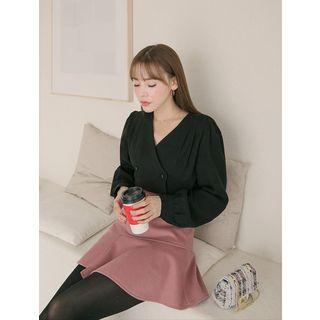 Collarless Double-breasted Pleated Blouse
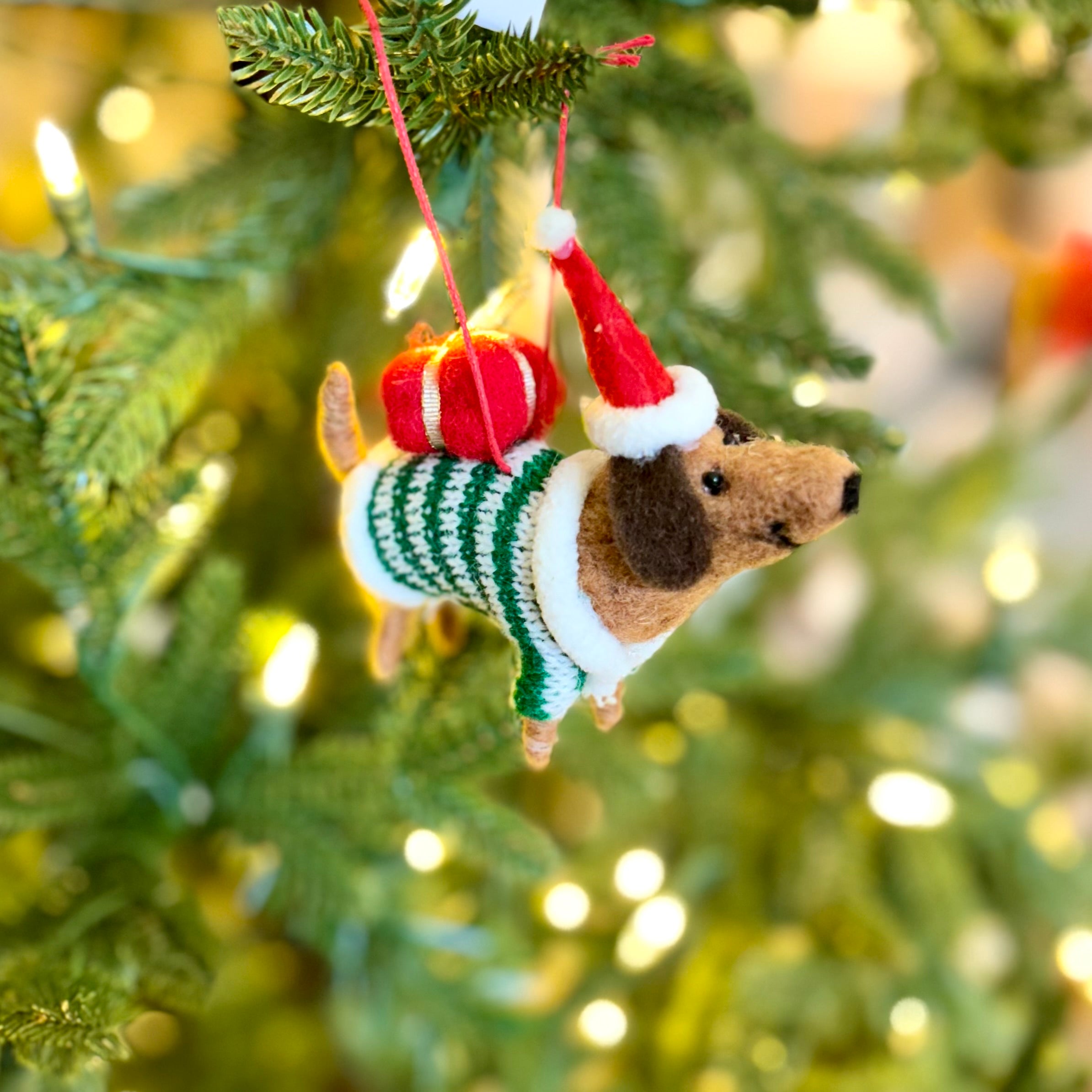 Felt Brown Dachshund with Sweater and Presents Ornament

---

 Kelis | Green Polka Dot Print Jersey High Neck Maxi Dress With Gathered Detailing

--

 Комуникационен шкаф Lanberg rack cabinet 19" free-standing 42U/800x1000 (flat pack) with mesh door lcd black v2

◆ **What you need to do**:
Only the lines starting at the one with "Collarless Double-breasted Pleated Blouse" and ending at the one with "Felt Brown Dachshund" should be printed, each exactly as it appears in the material above; the pictures are to be omitted.

◆ **Solution for this task**:
 Collarless Double-breasted Pleated Blouse
 Felt Brown Dachshund with Sweater and Presents Ornament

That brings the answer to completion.